Une économie totalitaire...


Et maintenant, une démocratie «conforme aux marchés»!
En mars 2011, j’étais invité au Portugal pour présenter un de mes livres. Lecture, discussion, la soirée avait réuni un public nombreux et attentif. Mais un jeune homme posa une question qui, d’un instant à l’autre, fit basculer une atmosphère faite jusque-là d’intérêt amical et d’ouverture. Tout d’un coup, nous n’étions plus que des Allemands et des Portugais se jetant des regards hostiles. La question était déplaisante : n’étions-nous pas - et ce «nous» me désignait, en tant qu’Allemand - en train d’obtenir grâce à l’euro et à nos exportations ce que nous n’avions pas obtenu naguère avec nos blindés ?

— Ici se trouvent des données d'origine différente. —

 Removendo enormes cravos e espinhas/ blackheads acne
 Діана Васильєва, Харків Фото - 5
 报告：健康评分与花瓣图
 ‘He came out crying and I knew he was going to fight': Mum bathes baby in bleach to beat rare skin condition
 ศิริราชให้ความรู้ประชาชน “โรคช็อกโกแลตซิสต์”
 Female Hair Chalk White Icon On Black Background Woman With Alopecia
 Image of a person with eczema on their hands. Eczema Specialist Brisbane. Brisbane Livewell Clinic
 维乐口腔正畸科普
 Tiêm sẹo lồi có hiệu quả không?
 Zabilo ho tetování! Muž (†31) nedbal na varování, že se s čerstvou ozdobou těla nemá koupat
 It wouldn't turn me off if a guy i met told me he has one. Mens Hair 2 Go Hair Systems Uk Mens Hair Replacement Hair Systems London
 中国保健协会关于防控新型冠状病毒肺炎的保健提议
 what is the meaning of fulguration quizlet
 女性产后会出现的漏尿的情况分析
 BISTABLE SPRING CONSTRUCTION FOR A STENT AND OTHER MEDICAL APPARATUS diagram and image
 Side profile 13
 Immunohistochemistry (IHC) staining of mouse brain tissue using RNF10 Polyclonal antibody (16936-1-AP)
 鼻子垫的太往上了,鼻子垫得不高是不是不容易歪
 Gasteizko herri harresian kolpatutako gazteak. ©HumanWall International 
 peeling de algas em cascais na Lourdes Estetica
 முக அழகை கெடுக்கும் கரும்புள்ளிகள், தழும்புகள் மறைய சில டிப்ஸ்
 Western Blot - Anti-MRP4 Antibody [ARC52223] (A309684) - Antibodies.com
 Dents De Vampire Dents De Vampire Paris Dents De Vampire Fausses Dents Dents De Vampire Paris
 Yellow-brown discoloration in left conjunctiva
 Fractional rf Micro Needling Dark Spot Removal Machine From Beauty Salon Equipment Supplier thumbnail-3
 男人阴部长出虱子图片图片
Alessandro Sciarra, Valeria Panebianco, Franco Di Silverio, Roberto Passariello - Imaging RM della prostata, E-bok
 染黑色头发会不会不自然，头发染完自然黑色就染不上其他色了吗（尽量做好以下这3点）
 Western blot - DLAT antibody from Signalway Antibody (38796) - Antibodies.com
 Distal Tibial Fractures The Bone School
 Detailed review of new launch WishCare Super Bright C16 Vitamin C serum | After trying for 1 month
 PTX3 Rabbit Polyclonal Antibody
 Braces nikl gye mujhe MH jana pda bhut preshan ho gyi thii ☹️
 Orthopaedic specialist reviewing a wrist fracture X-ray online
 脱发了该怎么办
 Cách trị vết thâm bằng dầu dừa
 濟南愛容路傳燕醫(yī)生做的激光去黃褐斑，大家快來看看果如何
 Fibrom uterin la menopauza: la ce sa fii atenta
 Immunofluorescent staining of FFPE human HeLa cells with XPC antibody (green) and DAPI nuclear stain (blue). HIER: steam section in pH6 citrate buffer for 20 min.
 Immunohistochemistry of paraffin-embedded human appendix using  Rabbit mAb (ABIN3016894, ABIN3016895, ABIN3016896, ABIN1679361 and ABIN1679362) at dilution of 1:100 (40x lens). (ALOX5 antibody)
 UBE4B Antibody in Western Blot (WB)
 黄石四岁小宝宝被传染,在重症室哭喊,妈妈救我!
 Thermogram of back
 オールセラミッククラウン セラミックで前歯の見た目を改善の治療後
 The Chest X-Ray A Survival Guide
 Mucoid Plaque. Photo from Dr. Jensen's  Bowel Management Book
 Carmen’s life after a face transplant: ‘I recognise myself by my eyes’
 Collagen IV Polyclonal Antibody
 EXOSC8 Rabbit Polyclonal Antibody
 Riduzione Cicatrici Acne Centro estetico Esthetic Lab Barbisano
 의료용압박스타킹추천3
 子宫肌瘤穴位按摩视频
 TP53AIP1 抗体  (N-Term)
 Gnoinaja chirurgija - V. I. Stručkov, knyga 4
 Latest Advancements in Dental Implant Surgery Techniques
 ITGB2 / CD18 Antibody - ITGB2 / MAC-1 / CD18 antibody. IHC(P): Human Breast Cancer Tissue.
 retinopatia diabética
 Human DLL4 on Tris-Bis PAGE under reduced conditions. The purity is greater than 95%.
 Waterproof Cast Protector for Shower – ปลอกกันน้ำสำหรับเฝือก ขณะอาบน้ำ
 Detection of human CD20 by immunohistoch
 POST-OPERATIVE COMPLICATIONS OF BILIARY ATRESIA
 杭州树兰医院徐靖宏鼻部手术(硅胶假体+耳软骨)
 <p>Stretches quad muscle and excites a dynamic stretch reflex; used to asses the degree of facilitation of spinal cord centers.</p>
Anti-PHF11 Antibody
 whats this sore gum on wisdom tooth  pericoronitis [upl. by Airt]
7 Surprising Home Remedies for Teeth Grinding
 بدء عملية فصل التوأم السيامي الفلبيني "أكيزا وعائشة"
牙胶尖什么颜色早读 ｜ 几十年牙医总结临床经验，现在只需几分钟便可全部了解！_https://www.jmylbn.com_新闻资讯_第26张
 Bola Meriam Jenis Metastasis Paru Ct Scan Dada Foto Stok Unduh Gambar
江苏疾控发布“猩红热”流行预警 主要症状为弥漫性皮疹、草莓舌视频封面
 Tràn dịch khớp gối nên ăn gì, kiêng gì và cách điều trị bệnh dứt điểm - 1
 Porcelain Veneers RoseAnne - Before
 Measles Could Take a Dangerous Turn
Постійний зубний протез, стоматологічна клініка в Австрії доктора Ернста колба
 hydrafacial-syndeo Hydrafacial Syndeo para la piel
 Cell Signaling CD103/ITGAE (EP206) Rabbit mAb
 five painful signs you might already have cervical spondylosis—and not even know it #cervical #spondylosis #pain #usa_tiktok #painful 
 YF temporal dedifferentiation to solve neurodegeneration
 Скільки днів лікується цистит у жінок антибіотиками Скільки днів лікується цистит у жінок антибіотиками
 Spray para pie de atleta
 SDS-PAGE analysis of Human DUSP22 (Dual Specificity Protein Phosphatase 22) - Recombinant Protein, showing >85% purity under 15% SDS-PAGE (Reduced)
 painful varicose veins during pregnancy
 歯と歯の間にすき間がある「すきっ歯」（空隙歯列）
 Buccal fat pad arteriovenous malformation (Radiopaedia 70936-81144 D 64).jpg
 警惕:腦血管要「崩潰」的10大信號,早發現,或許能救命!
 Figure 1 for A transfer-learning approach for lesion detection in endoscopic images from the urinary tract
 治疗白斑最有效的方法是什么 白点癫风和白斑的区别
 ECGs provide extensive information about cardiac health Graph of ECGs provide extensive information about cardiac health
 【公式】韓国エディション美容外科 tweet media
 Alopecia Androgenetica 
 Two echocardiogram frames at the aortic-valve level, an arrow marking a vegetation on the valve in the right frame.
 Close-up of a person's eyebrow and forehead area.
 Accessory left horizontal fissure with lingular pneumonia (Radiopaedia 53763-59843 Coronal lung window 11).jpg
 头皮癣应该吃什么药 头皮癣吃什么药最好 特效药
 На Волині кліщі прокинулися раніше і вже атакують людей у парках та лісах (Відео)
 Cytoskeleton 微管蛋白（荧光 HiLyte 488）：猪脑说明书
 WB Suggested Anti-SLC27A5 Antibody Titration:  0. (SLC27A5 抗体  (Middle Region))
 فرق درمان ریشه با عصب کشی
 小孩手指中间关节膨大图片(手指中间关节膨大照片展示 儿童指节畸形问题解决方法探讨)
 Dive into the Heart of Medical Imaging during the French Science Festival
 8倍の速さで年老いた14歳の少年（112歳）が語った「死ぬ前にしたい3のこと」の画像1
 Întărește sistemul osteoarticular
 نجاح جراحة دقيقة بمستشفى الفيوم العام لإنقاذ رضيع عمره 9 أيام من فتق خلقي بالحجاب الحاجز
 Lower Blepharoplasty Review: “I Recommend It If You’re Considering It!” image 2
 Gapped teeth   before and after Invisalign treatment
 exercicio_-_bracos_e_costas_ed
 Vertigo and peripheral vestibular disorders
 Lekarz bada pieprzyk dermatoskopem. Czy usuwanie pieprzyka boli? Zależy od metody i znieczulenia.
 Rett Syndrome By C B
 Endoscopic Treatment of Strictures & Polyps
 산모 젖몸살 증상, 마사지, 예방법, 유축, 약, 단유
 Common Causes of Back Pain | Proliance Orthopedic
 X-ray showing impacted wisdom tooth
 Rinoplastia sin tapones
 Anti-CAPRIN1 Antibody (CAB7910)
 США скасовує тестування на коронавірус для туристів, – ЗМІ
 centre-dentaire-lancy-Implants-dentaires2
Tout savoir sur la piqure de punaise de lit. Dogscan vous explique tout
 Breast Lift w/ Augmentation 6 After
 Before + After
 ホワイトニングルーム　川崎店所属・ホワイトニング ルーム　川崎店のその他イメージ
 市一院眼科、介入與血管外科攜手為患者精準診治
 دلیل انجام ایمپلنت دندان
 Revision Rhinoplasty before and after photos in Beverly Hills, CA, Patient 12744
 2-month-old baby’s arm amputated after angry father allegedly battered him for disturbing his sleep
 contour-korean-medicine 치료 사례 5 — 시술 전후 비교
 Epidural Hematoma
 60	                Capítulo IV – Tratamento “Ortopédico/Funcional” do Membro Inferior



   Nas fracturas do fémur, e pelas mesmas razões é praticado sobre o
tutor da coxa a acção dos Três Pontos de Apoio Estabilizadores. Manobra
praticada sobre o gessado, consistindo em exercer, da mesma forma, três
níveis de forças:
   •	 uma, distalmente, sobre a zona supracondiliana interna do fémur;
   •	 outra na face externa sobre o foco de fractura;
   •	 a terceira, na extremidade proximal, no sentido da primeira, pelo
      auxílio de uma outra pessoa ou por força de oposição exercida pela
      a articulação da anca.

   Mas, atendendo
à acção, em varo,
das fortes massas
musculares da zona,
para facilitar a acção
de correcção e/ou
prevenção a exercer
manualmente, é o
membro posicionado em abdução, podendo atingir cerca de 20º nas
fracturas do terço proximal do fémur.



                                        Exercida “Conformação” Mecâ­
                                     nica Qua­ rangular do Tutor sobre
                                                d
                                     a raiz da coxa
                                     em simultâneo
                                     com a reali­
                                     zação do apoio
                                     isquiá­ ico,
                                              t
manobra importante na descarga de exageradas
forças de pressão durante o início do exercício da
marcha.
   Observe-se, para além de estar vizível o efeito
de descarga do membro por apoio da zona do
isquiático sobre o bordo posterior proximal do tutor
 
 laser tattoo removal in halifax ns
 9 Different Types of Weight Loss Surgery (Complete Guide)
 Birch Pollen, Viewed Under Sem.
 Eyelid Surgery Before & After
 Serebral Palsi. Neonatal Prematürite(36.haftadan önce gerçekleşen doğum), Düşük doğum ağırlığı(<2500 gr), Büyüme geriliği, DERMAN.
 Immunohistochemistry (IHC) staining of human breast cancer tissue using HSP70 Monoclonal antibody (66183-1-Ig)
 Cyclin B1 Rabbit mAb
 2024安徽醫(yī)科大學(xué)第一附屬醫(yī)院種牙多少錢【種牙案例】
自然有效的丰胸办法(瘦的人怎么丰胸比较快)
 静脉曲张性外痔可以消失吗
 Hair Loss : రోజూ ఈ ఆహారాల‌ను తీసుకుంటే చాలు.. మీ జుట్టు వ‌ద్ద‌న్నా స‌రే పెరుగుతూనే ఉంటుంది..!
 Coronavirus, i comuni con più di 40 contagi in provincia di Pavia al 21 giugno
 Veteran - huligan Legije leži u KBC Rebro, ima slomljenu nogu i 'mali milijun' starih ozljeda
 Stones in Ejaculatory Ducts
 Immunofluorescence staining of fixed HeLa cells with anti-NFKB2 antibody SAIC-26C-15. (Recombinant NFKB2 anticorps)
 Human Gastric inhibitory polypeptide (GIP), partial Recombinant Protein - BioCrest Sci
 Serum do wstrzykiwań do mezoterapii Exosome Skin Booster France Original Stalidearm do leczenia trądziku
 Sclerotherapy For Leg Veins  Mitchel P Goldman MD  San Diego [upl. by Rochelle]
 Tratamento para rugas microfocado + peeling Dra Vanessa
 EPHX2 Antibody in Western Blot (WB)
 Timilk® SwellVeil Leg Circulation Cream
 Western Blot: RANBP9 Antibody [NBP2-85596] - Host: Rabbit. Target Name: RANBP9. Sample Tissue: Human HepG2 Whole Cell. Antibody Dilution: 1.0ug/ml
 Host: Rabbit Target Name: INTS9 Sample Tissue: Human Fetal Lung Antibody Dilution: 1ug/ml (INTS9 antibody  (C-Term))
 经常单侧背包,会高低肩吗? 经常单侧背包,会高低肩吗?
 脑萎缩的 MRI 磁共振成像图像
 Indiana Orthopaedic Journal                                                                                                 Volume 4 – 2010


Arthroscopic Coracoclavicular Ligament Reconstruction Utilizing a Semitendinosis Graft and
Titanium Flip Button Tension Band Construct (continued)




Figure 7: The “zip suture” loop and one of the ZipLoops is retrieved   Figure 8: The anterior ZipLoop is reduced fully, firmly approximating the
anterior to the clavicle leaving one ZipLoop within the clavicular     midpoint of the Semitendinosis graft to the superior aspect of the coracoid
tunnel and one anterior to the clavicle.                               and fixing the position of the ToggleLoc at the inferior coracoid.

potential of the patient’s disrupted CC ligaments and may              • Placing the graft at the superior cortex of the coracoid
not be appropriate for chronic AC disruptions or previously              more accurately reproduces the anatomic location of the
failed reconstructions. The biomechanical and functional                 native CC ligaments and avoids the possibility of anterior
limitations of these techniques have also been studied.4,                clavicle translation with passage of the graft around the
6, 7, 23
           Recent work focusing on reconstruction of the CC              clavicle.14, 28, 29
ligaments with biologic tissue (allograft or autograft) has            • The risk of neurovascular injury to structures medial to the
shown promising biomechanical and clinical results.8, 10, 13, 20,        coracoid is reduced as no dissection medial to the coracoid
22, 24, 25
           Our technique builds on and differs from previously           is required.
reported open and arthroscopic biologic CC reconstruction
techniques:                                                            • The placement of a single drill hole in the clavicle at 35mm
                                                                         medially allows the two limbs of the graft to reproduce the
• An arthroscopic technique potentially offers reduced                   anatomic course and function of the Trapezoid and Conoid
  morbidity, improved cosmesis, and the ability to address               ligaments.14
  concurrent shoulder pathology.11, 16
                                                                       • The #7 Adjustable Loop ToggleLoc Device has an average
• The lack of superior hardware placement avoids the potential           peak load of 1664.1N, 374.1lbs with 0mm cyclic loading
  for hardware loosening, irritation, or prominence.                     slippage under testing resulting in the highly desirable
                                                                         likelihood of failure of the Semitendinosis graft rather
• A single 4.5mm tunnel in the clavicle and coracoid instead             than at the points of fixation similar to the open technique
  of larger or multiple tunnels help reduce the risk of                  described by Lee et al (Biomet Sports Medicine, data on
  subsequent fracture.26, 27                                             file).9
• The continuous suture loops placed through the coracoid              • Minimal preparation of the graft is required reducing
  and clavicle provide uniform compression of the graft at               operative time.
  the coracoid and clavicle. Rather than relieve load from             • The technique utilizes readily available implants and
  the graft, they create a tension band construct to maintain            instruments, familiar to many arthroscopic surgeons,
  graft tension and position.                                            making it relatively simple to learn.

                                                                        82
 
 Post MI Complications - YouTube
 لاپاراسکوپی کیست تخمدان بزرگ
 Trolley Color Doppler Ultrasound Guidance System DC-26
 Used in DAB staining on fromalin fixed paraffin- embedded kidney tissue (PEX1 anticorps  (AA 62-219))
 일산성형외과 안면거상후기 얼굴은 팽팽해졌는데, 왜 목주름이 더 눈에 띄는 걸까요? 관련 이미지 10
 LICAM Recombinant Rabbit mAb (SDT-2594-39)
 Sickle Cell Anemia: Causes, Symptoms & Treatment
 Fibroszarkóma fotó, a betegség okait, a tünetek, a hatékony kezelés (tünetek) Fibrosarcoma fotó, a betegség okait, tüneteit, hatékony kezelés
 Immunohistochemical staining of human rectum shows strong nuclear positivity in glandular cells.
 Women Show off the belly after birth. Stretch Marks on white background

Personne dans le public ne protesta, au contraire : ce fut le silence, un silence lourd d’attente, comme si quelqu’un avait enfin posé la question décisive. Et, pour ne rien arranger, je réagis soudain comme on s’y attendait : comme un Allemand. Je dis aigrement qu’après tout personne n’était obligé d’acheter une Mercedes, et qu’eux, les Portugais, auraient dû être trop heureux d’obtenir des crédits moins chers que les prêts bancaires habituels. J’entendis littéralement le papier journal se froisser entre mes lèvres. Dans le brouhaha qui s’ensuivit, je repris enfin mes esprits. Comme je tenais le micro, je bredouillai dans mon anglais approximatif que je venais de réagir aussi bêtement qu’eux, et que ce serait tomber tous ensemble dans le même piège que de nous mettre, Portugais et Allemands, à prendre chacun parti pour ses couleurs comme au football.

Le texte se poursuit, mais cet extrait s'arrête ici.